I (F28) feel emotionally disconnected from my partner (M33) what’s the move to navigate this issue ?

I have been with my partner for 2 years. From the start I have mentioned I have chronic anxiety and panic attacks. Never once was I asked why from my partner (M33) but I have been met with a lot of support in the moment I have anxiety which has built a lot of trust. The last few months I have started to feel resentful when I mention something I can relate to regarding trauma and leave the door open for him to learn more and he doesn’t ask any questions . I have mentioned to him that I wish to share more about my past, my triggers, for him to have a better understanding . Yet still, he never brings up the topic or asks me questions. I am usually an open book but I am aware of trauma dumping so I will only share my story when the other person is interested and receptive and I have not felt that from him which makes me feel unseen. I have been in therapy for years , and even done EMDR therapy in our relationship and I have told him I am struggling with my sessions and never once has he asked “why” or “would you like to share it with me?” I can’t help but feel he’s a bit uninterested in my personal struggles.

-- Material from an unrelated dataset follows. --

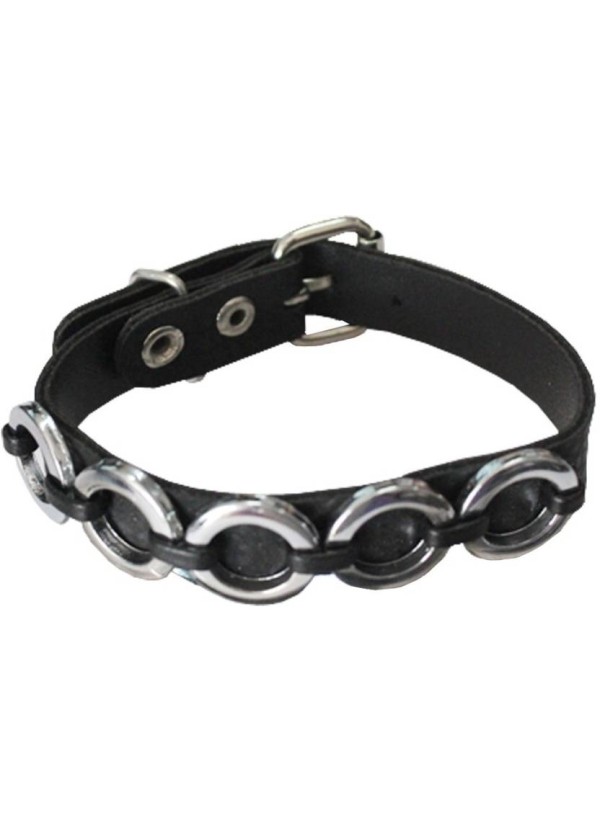 Black Leather Round Fashion Leathe Bracelet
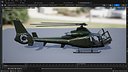 Rigged SA 341 342 Gazelle Helicopter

When I ask him why he doesn’t ask more questions he says “ I don’t know what to ask.” After I start the conversation and have even given small details for him to just be silent . Sometimes I feel like I have had deeper convos with strangers I meet in day to day life . Iv been told it’s not important to share all aspects of the past but for me it feels important to be understood on what I struggle with . is it possibly our communication styles and level of deepness in a relationship are not compatible?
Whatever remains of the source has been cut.